What needs to be done | What should be copied is the stretch of entries below from the line with "Peluche Disney - photo numéro 3" up to and including the line with "2022 BMW X3", exactly and without images.

Materials provided |
===

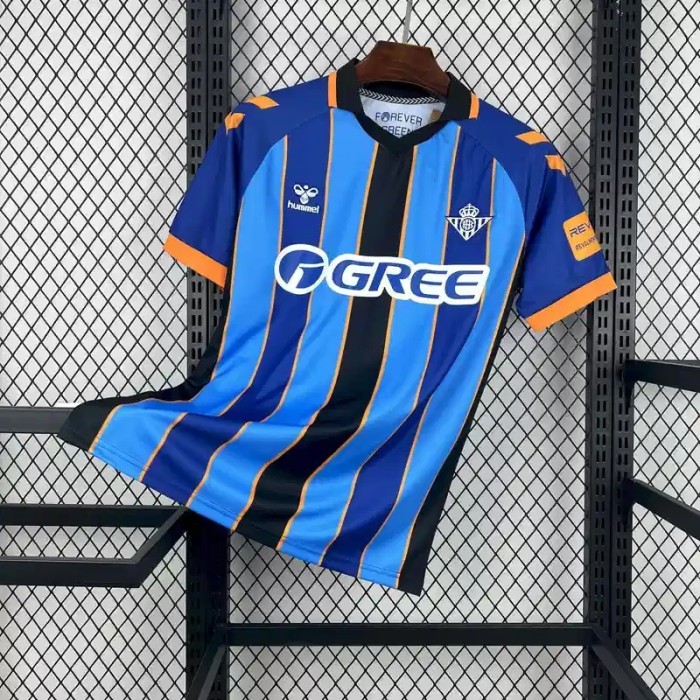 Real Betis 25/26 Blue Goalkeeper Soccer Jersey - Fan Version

===

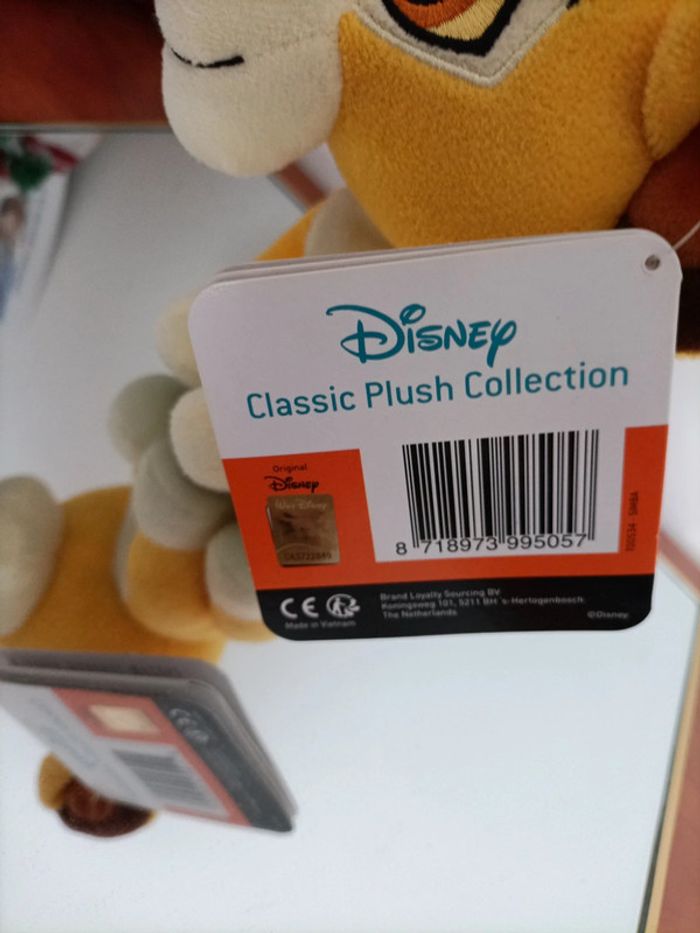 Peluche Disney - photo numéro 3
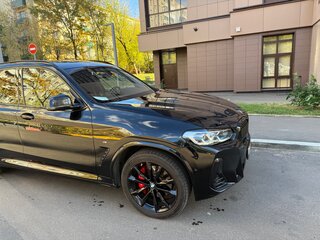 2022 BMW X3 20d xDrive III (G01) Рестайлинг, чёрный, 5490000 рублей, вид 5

===

Problem solution |
 Peluche Disney - photo numéro 3
 2022 BMW X3 20d xDrive III (G01) Рестайлинг, чёрный, 5490000 рублей, вид 5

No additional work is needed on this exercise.